Breites kulturelles Erbe
In Spitzenzeiten lebten über 30 Schwestern im Nördlinger Konvent. Zuletzt waren es fünf: Sr. Augustine, Sr. Ludowika, Sr. Adelhilde, Sr. Ansgaria und Sr. Lätitia. Sie ziehen nun in das Alten- und Pflegeheim des Ordens nach Augsburg-Bergheim um. Den letzten Abschied vom Kloster werden Sr. Ludowika Lenz, derzeitige Konventsoberin, und Sr. Adelhilde im September vollziehen.
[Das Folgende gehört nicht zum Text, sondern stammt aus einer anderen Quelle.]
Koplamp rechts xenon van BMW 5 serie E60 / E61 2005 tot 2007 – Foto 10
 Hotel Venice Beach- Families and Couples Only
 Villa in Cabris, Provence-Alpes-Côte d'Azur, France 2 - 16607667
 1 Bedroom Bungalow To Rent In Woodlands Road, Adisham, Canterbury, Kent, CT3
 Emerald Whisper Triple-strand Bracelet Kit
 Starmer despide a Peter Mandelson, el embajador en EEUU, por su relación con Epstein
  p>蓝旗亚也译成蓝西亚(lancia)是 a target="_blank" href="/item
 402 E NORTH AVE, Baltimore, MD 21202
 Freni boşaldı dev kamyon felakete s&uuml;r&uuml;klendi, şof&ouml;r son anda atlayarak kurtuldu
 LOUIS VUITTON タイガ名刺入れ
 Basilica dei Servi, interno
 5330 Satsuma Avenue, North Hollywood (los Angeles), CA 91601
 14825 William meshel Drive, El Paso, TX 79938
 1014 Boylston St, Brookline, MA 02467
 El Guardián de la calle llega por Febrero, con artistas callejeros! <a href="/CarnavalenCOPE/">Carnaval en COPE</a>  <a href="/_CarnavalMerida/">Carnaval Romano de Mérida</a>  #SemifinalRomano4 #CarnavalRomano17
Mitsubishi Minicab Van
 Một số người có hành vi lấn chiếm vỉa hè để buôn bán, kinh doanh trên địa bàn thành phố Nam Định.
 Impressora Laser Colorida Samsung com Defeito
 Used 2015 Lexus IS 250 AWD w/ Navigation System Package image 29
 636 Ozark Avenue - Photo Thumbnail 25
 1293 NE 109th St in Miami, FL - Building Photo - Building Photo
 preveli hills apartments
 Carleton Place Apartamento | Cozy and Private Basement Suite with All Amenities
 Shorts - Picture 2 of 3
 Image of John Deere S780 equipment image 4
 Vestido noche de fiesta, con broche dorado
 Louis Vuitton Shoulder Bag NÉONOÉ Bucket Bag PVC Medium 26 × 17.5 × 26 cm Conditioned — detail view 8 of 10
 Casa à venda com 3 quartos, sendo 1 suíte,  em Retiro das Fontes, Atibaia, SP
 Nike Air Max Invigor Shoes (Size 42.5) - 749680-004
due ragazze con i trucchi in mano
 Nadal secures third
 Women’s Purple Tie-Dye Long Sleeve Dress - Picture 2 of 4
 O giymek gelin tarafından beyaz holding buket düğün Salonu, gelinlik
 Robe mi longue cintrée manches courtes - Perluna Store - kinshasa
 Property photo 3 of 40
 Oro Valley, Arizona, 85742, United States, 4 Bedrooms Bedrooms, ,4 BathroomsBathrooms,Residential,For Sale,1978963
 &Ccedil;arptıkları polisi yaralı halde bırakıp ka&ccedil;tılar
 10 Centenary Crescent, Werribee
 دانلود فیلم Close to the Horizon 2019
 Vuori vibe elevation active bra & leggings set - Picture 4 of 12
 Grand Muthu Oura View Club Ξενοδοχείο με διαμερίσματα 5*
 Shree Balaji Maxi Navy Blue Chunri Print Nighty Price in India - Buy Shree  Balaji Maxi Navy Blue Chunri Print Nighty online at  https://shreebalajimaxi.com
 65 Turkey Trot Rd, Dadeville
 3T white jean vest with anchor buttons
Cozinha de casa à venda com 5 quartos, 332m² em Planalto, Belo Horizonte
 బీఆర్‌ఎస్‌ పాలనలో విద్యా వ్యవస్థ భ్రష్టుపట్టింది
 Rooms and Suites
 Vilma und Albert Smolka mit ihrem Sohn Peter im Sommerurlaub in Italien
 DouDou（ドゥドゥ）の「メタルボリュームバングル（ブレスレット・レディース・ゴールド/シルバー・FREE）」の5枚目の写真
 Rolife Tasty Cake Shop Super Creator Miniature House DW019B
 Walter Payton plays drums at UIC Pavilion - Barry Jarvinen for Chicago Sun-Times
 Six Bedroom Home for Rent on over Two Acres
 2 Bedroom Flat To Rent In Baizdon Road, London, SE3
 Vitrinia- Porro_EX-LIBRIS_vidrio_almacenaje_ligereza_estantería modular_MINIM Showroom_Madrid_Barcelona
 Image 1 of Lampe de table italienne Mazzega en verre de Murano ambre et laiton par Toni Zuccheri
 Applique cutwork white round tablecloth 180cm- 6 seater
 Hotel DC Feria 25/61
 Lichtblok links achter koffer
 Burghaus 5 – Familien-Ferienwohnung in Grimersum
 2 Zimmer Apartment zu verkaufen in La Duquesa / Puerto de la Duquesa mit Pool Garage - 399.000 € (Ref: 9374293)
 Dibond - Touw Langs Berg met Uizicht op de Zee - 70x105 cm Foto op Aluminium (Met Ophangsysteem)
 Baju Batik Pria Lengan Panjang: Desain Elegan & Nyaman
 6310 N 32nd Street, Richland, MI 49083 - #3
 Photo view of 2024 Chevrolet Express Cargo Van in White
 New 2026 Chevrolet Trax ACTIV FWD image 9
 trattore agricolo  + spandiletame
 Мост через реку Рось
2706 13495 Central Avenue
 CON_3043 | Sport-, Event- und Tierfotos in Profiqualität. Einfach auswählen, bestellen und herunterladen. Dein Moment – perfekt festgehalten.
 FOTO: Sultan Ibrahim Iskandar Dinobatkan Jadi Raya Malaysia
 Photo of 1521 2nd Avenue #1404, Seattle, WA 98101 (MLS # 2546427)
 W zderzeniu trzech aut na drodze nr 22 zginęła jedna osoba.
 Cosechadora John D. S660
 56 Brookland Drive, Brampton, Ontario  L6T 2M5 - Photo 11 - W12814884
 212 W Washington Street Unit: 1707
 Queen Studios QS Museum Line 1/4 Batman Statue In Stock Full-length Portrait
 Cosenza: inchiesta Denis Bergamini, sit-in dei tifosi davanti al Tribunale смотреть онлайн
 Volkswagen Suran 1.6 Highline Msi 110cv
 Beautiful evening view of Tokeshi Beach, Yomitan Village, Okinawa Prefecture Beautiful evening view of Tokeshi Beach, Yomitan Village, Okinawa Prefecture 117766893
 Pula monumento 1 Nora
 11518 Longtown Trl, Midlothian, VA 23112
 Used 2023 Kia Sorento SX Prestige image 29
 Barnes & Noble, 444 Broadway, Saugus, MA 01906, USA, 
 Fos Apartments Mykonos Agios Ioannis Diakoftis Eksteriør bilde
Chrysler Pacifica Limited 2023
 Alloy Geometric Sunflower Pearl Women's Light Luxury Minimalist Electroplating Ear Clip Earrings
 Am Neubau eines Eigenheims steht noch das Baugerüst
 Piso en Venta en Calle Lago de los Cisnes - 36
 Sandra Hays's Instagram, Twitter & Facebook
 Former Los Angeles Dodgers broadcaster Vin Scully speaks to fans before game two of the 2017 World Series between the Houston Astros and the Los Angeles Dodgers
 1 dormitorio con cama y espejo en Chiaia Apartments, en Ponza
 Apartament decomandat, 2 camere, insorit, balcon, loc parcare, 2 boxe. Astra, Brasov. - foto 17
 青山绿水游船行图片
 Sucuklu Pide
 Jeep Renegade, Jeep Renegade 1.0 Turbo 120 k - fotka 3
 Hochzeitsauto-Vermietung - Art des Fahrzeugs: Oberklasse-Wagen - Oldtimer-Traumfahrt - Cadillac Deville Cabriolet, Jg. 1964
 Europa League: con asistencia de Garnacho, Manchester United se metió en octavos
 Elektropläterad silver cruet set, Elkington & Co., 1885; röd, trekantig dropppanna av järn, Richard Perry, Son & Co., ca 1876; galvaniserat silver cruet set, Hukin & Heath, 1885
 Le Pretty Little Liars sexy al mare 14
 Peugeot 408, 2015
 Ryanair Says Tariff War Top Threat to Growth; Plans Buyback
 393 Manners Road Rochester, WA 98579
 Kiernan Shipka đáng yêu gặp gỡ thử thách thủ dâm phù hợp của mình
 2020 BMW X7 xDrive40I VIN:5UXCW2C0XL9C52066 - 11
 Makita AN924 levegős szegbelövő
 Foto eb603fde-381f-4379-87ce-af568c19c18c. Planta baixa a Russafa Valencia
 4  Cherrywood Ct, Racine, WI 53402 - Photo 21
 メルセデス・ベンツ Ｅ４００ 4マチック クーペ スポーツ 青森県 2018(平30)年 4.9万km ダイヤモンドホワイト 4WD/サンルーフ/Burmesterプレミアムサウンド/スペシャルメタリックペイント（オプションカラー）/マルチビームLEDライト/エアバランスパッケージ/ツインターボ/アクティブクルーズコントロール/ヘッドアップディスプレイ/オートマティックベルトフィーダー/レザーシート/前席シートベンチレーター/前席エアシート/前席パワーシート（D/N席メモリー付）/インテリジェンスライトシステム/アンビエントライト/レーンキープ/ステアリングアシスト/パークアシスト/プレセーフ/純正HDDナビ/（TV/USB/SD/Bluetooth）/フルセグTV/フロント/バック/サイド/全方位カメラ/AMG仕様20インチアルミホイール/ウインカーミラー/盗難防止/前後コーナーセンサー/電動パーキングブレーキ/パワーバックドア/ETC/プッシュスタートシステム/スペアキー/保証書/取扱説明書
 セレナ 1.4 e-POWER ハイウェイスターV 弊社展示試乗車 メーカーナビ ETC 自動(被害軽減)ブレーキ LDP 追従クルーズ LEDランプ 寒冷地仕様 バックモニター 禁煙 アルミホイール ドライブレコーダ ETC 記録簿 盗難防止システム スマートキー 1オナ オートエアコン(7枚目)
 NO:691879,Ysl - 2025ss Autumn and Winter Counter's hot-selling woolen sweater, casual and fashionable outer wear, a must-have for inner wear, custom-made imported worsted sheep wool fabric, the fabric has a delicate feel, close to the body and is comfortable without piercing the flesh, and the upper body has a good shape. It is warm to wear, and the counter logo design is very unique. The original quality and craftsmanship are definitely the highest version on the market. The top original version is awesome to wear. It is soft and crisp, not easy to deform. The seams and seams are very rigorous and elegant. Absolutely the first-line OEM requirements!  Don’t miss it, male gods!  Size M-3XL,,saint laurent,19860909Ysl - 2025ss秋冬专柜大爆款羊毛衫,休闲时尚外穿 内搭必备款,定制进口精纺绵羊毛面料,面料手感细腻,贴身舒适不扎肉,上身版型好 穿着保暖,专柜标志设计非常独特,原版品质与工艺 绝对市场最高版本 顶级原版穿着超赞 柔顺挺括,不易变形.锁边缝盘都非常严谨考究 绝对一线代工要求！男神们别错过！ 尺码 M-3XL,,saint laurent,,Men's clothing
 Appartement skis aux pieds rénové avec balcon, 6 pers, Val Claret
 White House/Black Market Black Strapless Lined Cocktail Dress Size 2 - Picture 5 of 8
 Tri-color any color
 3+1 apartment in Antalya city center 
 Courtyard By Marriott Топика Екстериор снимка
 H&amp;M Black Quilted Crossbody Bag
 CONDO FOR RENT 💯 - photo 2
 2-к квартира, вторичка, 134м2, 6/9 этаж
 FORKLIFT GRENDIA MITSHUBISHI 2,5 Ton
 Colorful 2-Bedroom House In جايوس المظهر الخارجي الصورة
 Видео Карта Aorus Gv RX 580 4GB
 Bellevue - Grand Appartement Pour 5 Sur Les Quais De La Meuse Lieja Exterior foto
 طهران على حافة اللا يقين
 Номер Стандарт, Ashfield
Ein bleibendes Zeugnis ihres Wirkens ist auch das kulturelle Erbe, das die Schwestern hinterlassen haben. In liebevoller Handarbeit schufen sie über Jahrzehnte hinweg detailreiche Jahres- und Weihnachtskrippen. Die große Jahreskrippe mit über 270 biblischen Szenen ist heute als Dauerleihgabe in der Kirche St. Salvator zu bewundern.
Für ihr spirituelles Engagement in der jüngeren Vergangenheit wurde Sr. Josefine von der Stadt Nördlingen mit dem Ehrenbrief ausgezeichnet – insbesondere für die Gründung des Vereins „Zentrum der Stille – Pax et Bonum – Nördlingen e. V.“ sowie für die Leitung des Meditations- und Kontemplationskreises.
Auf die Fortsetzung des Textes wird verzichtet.